Prognostic Condition Monitoring for Wind Turbine Drivetrains via Generator Current Analysis

Maintenance costs account for a significant portion of the total cost of electricity generated by wind turbines. Currently in the wind power industry, maintenance is mainly performed on regular schedules or when significant damage occurs in a wind turbine making it inoperable, instead of being determined by the actual condition of the wind turbine.

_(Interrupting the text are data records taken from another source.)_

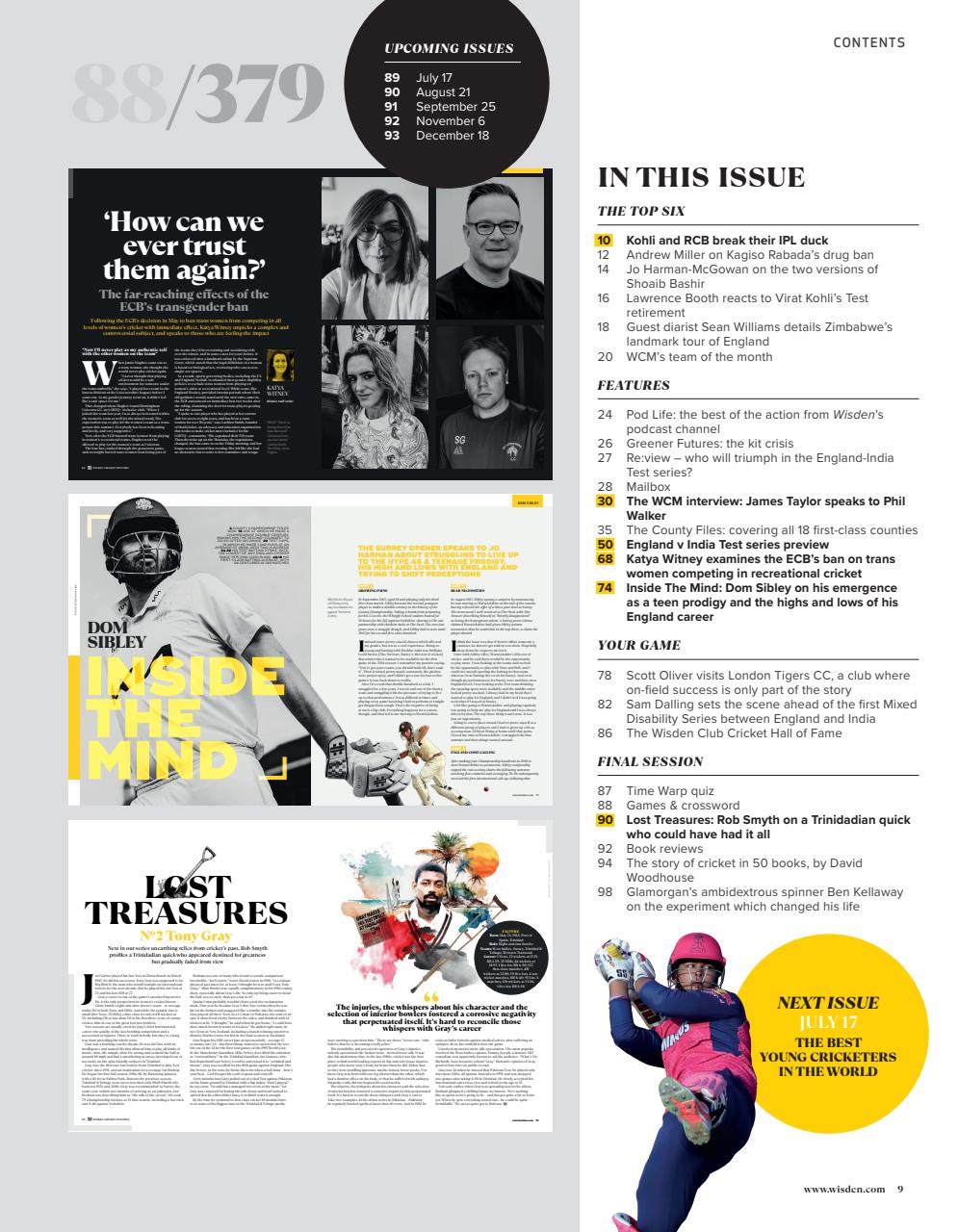 Wisden Cricket Monthly Preview Pages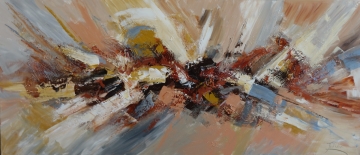 Abstract schilderij met dynamische penseelstreken in grijs, wit, oranje en geel, met opvallende gouden lijnen.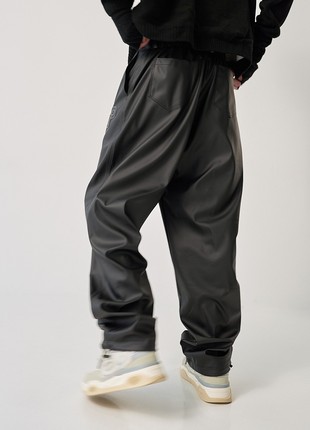 Oversize men's pants OGONPUSHKA Hasla Leather black10 photo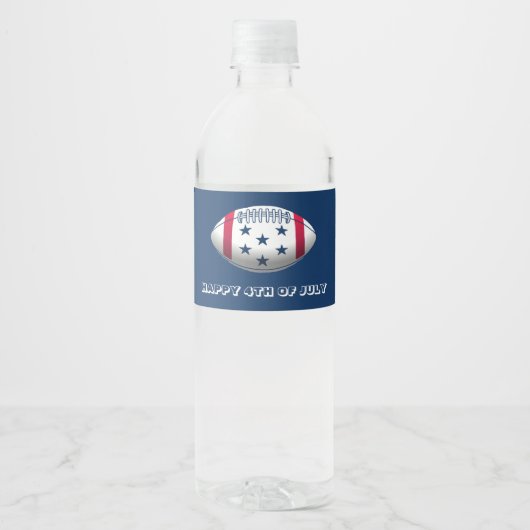 Gelukkig 4 juli voetbal waterfles etiket (Voorkant)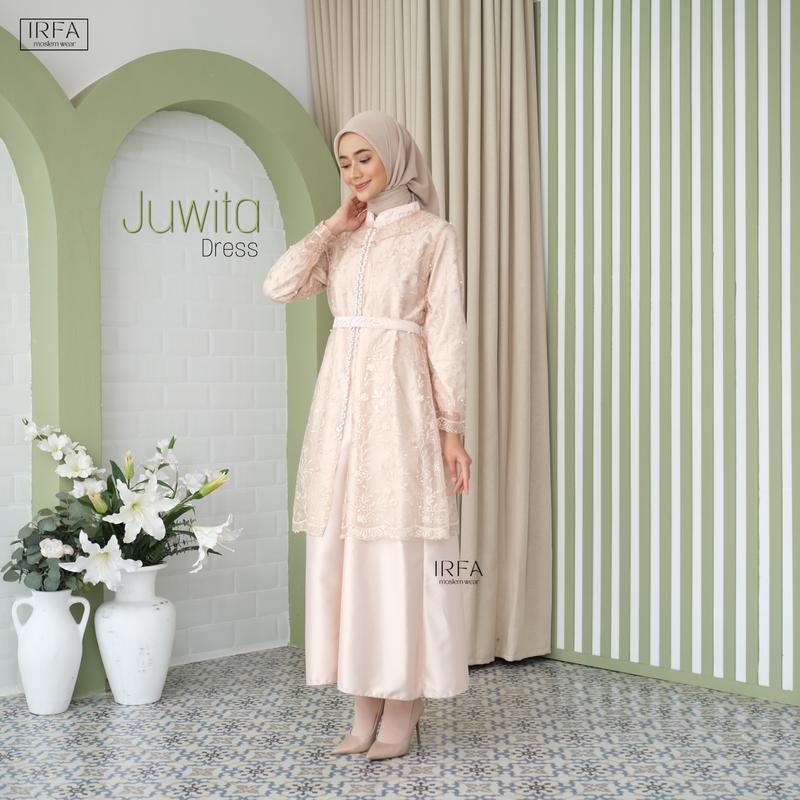 Product Introduction of Julissa Dress Free Outer Brokat Tille Mutiara Rompi Kondangan Gamis Pesta Polos 1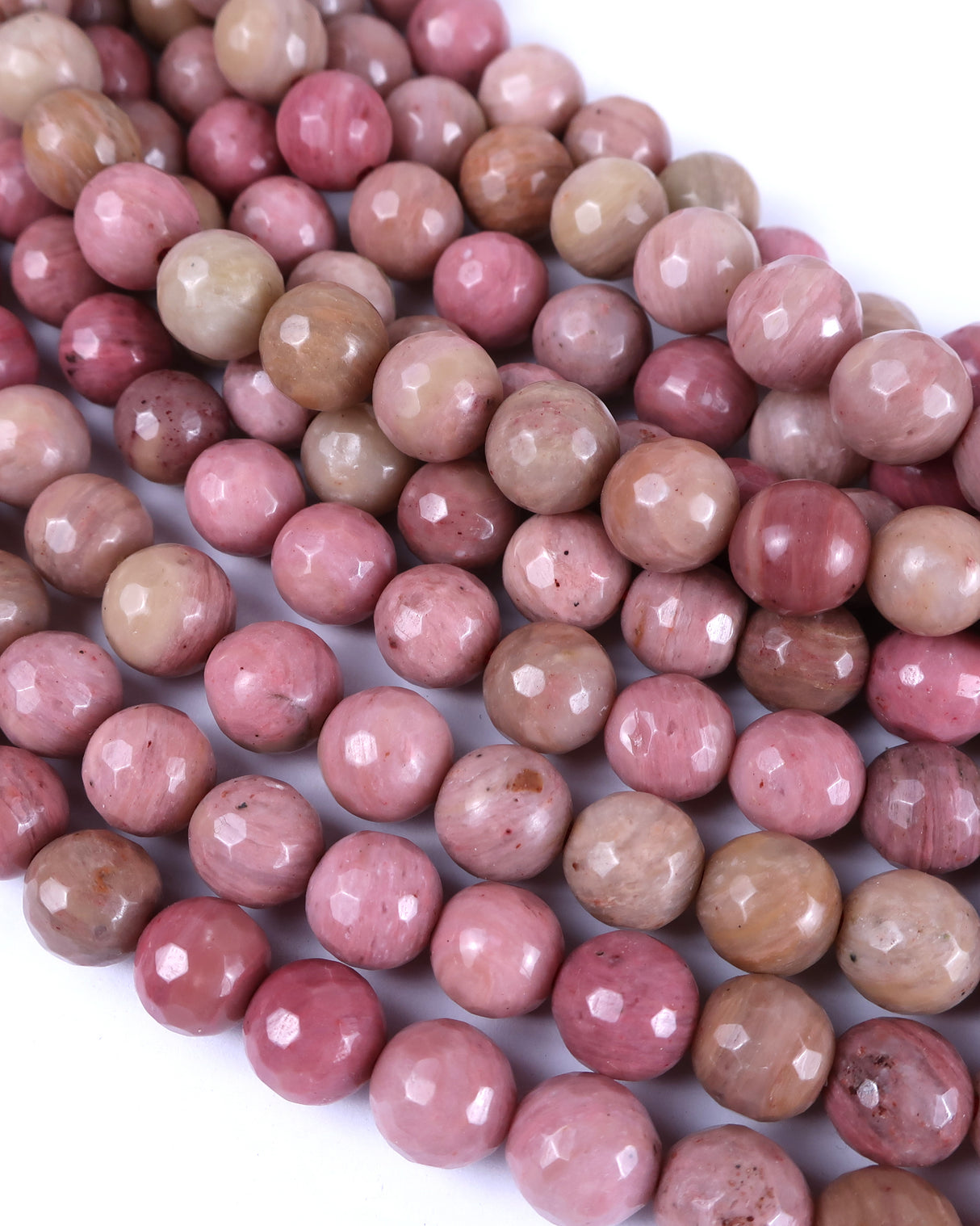 8mm · Faceted · Pink Jasper · Round Beads · 15" full strand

Among the total maintenance costs, approximately 25%~35% is related to regularly scheduled preventive maintenance and 65%~75% to unscheduled corrective maintenance. To reduce the failure rate and level and maintenance costs and improve the availability, reliability, safety, and lifespans of wind turbines, it is desirable to perform condition-based predictive maintenance for wind turbines, which will require a high-fidelity online prognostic condition monitoring system(CMS) for fault diagnosis and prognosis and remaining useful life(RUL) prediction of wind turbines. Most of the existing wind turbine CMSs are based on vibration monitoring and have no or limited capability in fault prognosis and RUL prediction. Compared to vibration monitoring, the prognostic condition monitoring techniques based on generator current signal analysis proposed recently have significant advantages in terms of cost, hardware complexity, implementation, and reliability. This paper discusses the principles and challenges of using generator current signals for prognostic condition monitoring of wind turbine drivetrains and presents an overview of recent advancements in this area.